This is the essence of R. Wilson Rogers (don’t ask what the R. stands for) compressed into one sentence — an engineer for the Galactic Navy during the longest peacetime in Galactic Memory. As a result of all the peace, there’s not a whole lot for a Naval ship to do — nor for the men assigned to it. So, Rogers and his fellow crew members got up to a lot of nonsense — drinking, gambling and worse. Eventually, Rogers finds himself leaving under less than auspicious circumstances. Not long after that, under even less auspicious circumstances (which I’ll leave for you to read about and chuckle over) he finds himself back on the appropriately named Flagship which has transformed in his brief absence in to a serious-minded place, full of random inspections, wartime preparations (despite centuries of peace), and odd assignments.

Before long, Rogers finds himself getting promotions, leading a group of battle droids, and seriously considering suicide and desertion (favoring the the latter, I assure you) — and that’s when things really start to get interesting.

This is pretty decent Military SF with a twist of humor, a dollop of irony, a pinch of satire, and so on — I don’t want to compare it to Adams. But I’ll compare it to a mix of Scalzi, Harry Harrison, Jack Campbell, Grant Naylor and Peter David. There’s a sense of play, even when he’s not going for the comedy, which makes the whole thing fun to read.

Best ‘droid since Marvin, best malfunctioning human personality software since Marvin (or Lore — but not as creepy or murderous), funniest ‘droids since Kryten. I could keep those comparisons going — essentially, I really liked all of the Droids on Flagship (especially Deet). The CO that reminded me of some sort of hybrid between the pointy-haired boss and Douglas Reynholm is great comic relief, but there’s more to him than that.

Honestly, I could go on and on, Zieja assembled a great cast of characters — real enough that you can like them, outlandish enough that you don’t take them terribly seriously. Not just the obviously comedic characters either, there are a few “straight (wo)men” characters scattered throughout, keeping the rest grounded. Rogers is the best of the bunch — there’s a little personal growth to him (no one’s more surprised and dismayed by that than him), I enjoyed seeing that come out. I liked how despite himself he learns to set aside prejudices, take things seriously, and even act a little heroically. I as amused by (and occasionally disturbed by) his attraction to/fascination with the Amazonian Marine Captain. Rogers’ way of looking at the world is pretty relatable (I’m not saying that he’s the kind of guy you spend time with, he’s the guy you want to spend time with), and he’ll win you to his side pretty quickly.

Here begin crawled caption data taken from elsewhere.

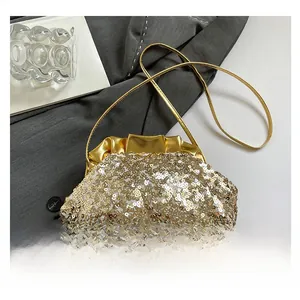 Close-up of luxury sequins clutch bag with gold chain on grey fabric background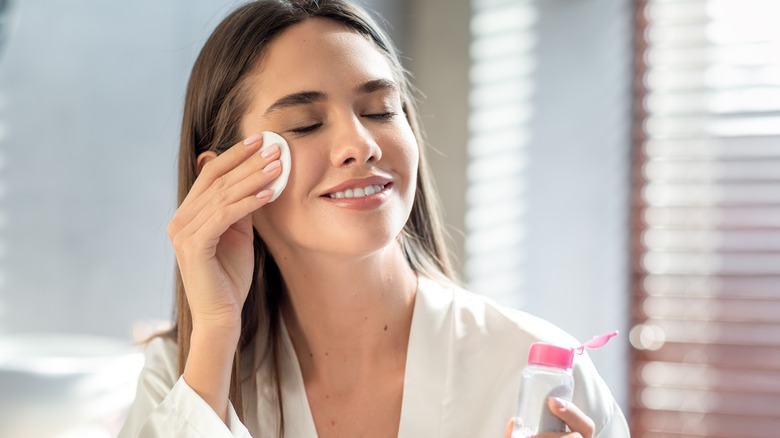 Woman using toner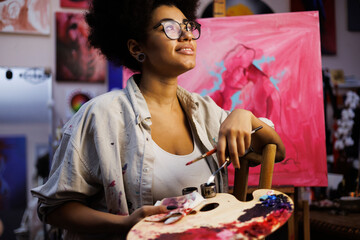 Pleased african american artist holding paint palette and art supplies near canvas in workshop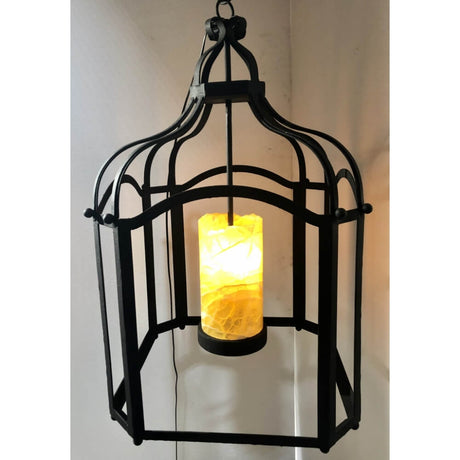 A beautifully crafted wrought iron pendant featuring an intricate design with a cylindrical, warm-lit centerpiece. Ideal for adding a rustic charm to any space.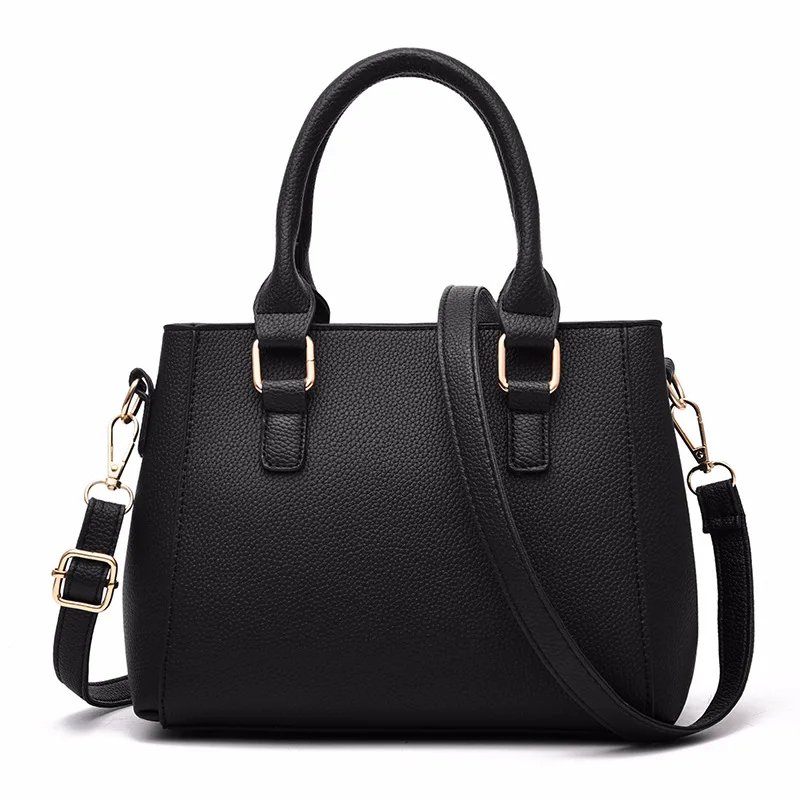 Back view of black Darling Pom Pom handbag with textured finish, double top handles and adjustable shoulder strap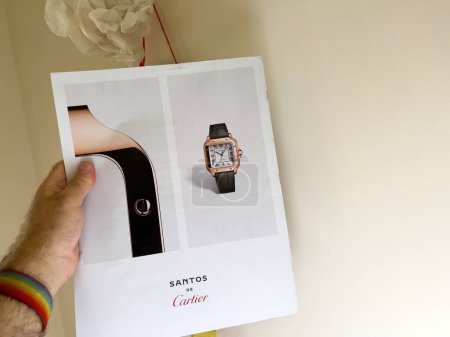 Foto de París, Francia - 18 de septiembre de 2023: Se captura una mano de hombre sosteniendo una revista de lujo, abierta a una página de publicidad que muestra un reloj Santos de Cartier - Imagen libre de derechos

One thing that I really appreciated was the respect that Zieja showed to the military personnel throughout this — too often everyone (with a maximum of a couple of exceptions) in a book like this is depicted as a moron — think of Richard Hooker’s classic for a moment. It’s just one example, but it’s a good one. You’ve got Jones, the Painless Pole, Hawkeye, Trapper, Duke, and a couple of nurses here and there who are competent, if not great, doctors. Who else? Everyone else is a “regular Army” schmuck ho shouldn’t be allowed in an operating theater or near anything where life and death decisions come into play.

Zieja doesn’t play it this way — these Navy and Marine men and women (with one or two exceptions, because there are always exceptions) are treated as competent, equipped and dedicated people whose greatest problem is that they have nothing to do, so things get a little loopy from time to time. But you give then an enemy, you give them a goal, you give them some way to target their talents and energy — good things happen. Even the really incompetent turn out to be quite competent when put in the right spot, doing what they’re good at (even if that’s not what they want to be good at). Problems are solved, crises averted, and enemies thwarted. That’s just not seen often enough, and I appreciate Zieja doing that.

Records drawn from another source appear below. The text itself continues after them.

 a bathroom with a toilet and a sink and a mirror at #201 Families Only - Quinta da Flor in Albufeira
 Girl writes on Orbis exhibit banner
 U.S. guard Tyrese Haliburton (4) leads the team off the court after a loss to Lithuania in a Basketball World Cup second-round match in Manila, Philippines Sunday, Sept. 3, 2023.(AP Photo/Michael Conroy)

That doesn’t mean he can’t find ways to make fun of the dedicated, the competent, and equipped — but he doesn’t make them into buffoons to do so (mostly).

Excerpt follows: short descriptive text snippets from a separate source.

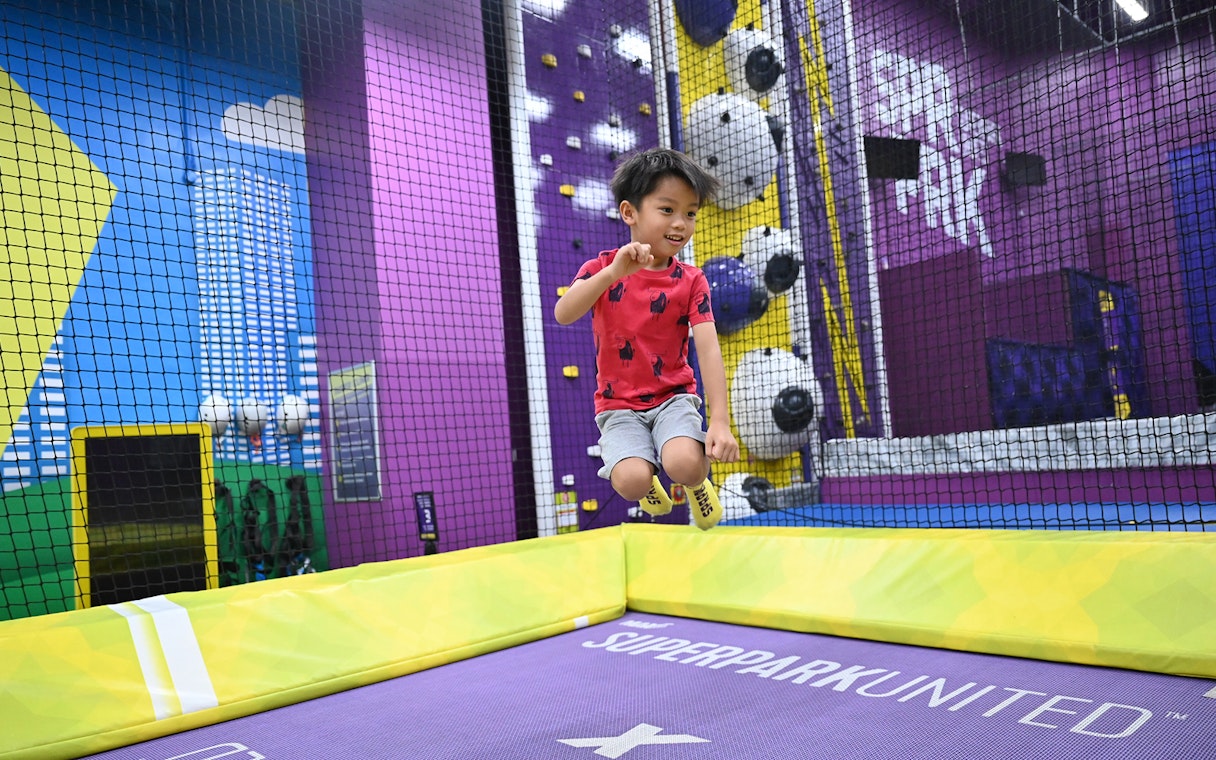 Child jumping on trampoline at SuperPark Singapore indoor playground.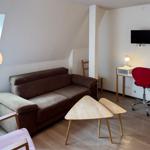 Ein Wohnraum mit braunem Sofa, Holztisch und roter Drehstuhl. An der Wand hängt ein Fernseher.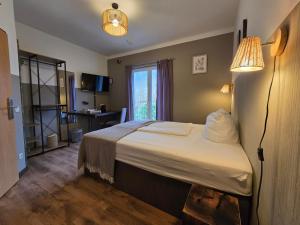 Postel nebo postele na pokoji v ubytování Aparthotel Fairschlafen Minden
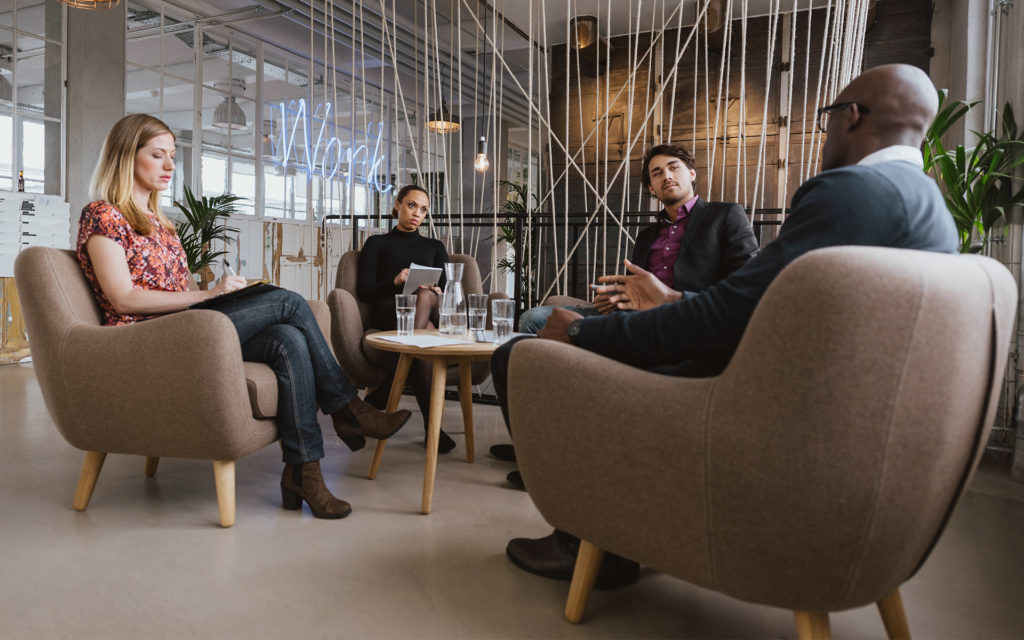Diskussion in einem modernen Büro mit vier Personen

I knew that I was going to like this book by page 3, I was audibly chuckling by page 4. The rest was just gravy. I laughed, chortled, and grinned my way through this — practically from beginning to end. The story as pretty good, the story plus the comedy made this gold. If I could think of stronger words to use to endorse this, I’d probably slap them here. But I can’t — just get your hands on this one. Meanwhile, I’m already looking forward to the sequel.

Disclaimer: I received a copy of this from the Publisher in exchange for my honest comments on it — sorry for the delay, I greatly appreciate the book.

—–

4 Stars

The Power of the Dog by Don Winslow: A truly magnificent book that I can’t adequately express my appreciation for

The Power of the DogThe Power of the Dog

by Don Winslow
Series: The Power of the Dog, #1

Paperback, 542 pg.
Vintage Crime/Black Lizard, 2005

Read: December 29, 2018 – January 8, 2019

           The Americans take a product that literally grows on trees and turn it into a valuable commodity. Without them, cocaine and marijuana would be like oranges, and instead of making billions smuggling it, I’d be making pennies doing stoop labor in some California field, picking it.

And the truly funny irony is that Keller is himself another product because I make millions selling protection against him, charging the independent contractors who want to move their product through La Plaza thousands of dollars for the use of our cops, soldiers, Customs agents, Coast guard, surveillance equipment, communications . . . This is what Mexican cops appreciate that American cops don’t. We are partners, mi hermano Arturo, in the same enterprise.

Comrades in the War on Drugs.

We could not exist without each other.

You ever start a book and within a few chapters you know, you just know — the way you know about a good melon — that this is going to be a great book? Not just a good book, an entertaining book, a rave-worthy book, but a great one? Sure, it doesn’t happen often enough, but we’ve all been there. It’s happened almost every time I’ve read a Winslow book, I have to say.

Yet there are eleven books by Winslow that I haven’t read yet. Explain that to me, please.

It’s hard to say exactly when it was that I realized that with The Power of the Dog but it happened — and it took me by surprise for a half of a second, and then the voice in the back of my head said, “Of course.” The scope, the style, the voice, the audacity of the novel — there’s no easy way to describe it. And now I have to try to talk about it? I do super-hero novels, stories about detectives who use magic — or hunt for rare vinyl LPs, teenagers post videos of their drunken parents on Youtube or Picture Books about Die Hard — I posted about (and loved) 2 completely unrelated Crime-Solving Comic Book Artists last year! How am I supposed to talk about this?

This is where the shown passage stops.